Broadly, Generative AI use in Europe will have to abide by three main rules:

  1. Content will have to be disclosed as generated by AI. 
  2. The model itself has to be designed to produce only legal content. 
  3. Generative AI companies will have to publish summaries of all the copyrighted data used to train their generative AI model. 

There have been some significant pushbacks to this final point, leading to certain AI models such as Google Bard not launching in Europe entirely. 

The United States copyright law is a little simpler: content that is generated with AI is not considered as art created by human involvement, and therefore the art itself does not fall under copyright law protection. Data that was used to train AI models is under copyright law protection, however this has opened up more, not less, legal issues. 

Copyright law cases using generative AI

Here is a list of some of the current copyright law cases. 

  • Sarah Silverman, Chrstopher Golden, and Richard Kadrey have sued OpenAI and Meta for using their copyrighted books as training material for ChatGPT. 
  • Mona Awad and Paul Tremblay filed a similar suit in California Federal court. 
  • John Grisham, George R.R. Martin and other members of the Authors Guild has also sued OpenAI. 
  • Universal Music Group is suing Anthropic AI for copyright violation in training its chatbot, Claude. 
  • Sarah Anderson, Kelly McKernan, and Karla Ortiz have sued Stability AI, Midjourney, and DeviantArt. 
  • Getty AI has also sued Stability AI over the use of its materials to train their Stable Diffusion model. 
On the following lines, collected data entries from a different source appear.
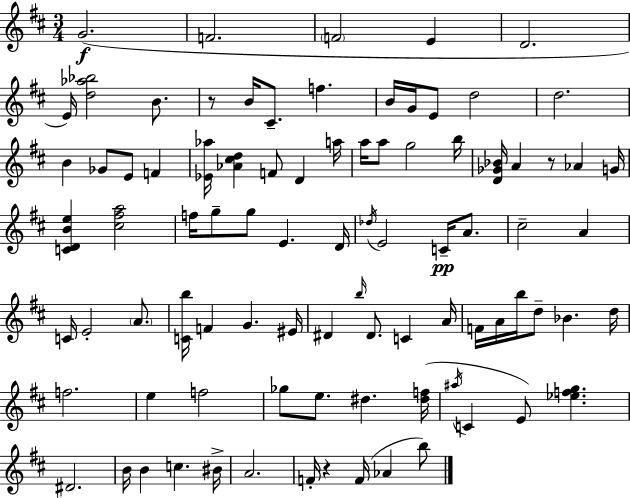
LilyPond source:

{
  \clef treble
  \numericTimeSignature
  \time 3/4
  \key d \major
  \repeat volta 2 { g'2.(\f | f'2. | \parenthesize f'2 e'4 | d'2. | \break e'16) <d'' aes'' bes''>2 b'8. | r8 b'16 cis'8.-- f''4. | b'16 g'16 e'8 d''2 | d''2. | \break b'4 ges'8 e'8 f'4 | <ees' aes''>16 <aes' cis'' d''>4 f'8 d'4 a''16 | a''16 a''8 g''2 b''16 | <d' ges' bes'>16 a'4 r8 aes'4 g'16 | \break <c' d' b' e''>4 <cis'' fis'' a''>2 | f''16 g''8-- g''8 e'4. d'16 | \acciaccatura { des''16 } e'2 c'16--\pp a'8. | cis''2-- a'4 | \break c'16 e'2-. \parenthesize a'8. | <c' b''>16 f'4 g'4. | eis'16 dis'4 \grace { b''16 } dis'8. c'4 | a'16 f'16 a'16 b''16 d''8-- bes'4. | \break d''16 f''2. | e''4 f''2 | ges''8 e''8. dis''4. | <dis'' f''>16( \acciaccatura { ais''16 } c'4 e'8) <ees'' f'' g''>4. | \break dis'2. | b'16 b'4 c''4. | bis'16-> a'2. | f'16-. r4 f'16( aes'4 | \break b''8) } \bar "|."
}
The outcome of these cases won’t be determined for a very long time, however it’s clear that the artworks themselves do not appear to be at the heart of the lawsuits. Instead, copyright holders are suing the companies that created the AI models themselves, and this is proving to be a difficult battle to win. 

  • In the case of Sarah Anderson, Kelly McKernan, and Karla Ortiz, two of the cases were dismissed, with only Sarah Anderson’s case proceeding, albeit with limited focus. 
  • In the case of Sarah Silverman, Christopher Golden, and Richard Kadrey, as well as Mona Awad and Paul Trembley, John Grisham, and George R.R. Martin, a motion to dismiss the case was filed on the basis that the output is not similar at all to the copyrighted works. A counter-claim was filed by the authors against this motion. 
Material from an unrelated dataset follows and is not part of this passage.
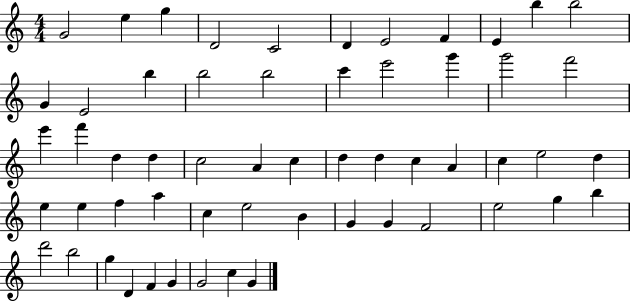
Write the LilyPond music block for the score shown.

AI companies are also fighting to get the Copyright Office to class its use of datasets as ‘fair use’, which could have further widespread consequences for copyright law. 
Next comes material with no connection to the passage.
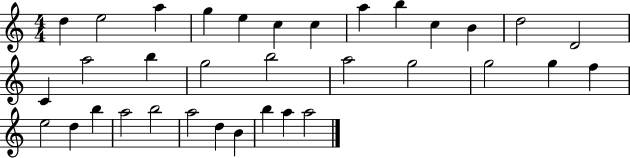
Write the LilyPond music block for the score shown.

What does this mean for businesses?

At this stage, you’re not breaking the law if you’re using AI-generated artworks – provided you are following the legal rules for AI use in your country, which at this stage do not amount to much.

It is very unlikely that legal proceedings against companies simply using the AI tools will make it to court: instead, it’s the AI companies themselves that will have to field this battle. 

That said, there is another issue that small and medium businesses have to keep in mind, and that is the public opinion of AI-generated imagery. Consumers range form apathetic to irritated about the proliferation of AI-generated imagery, and it’s more likely that companies using AI-generated imagery as part of their creative output won’t face a legal reckoning, but a public reckoning: that of their audiences deriding them for the use of AI in the first place. 

What else should I keep in mind?

At the time of this article, there is nothing tangible to state that using AI-generated imagery violates copyright by the company that is using it. Class action lawsuits are being directed towards the parent companies of those AI models. 

That said, this is an issue that’s changing rapidly. We likely won’t see the full scope or scale of laws governing AI until the very end of its initial development cycle, so somewhere around 2024 – 2025. While governments and institutions around the world are working quickly to try and create laws that will limit harm and risk, the world at large was not prepared for this onslaught of content, and it’s taking a longer time than normal to parse through what this means. 

Use AI speculatively. Enjoy its process

We’re keeping an eye out for what’s coming next.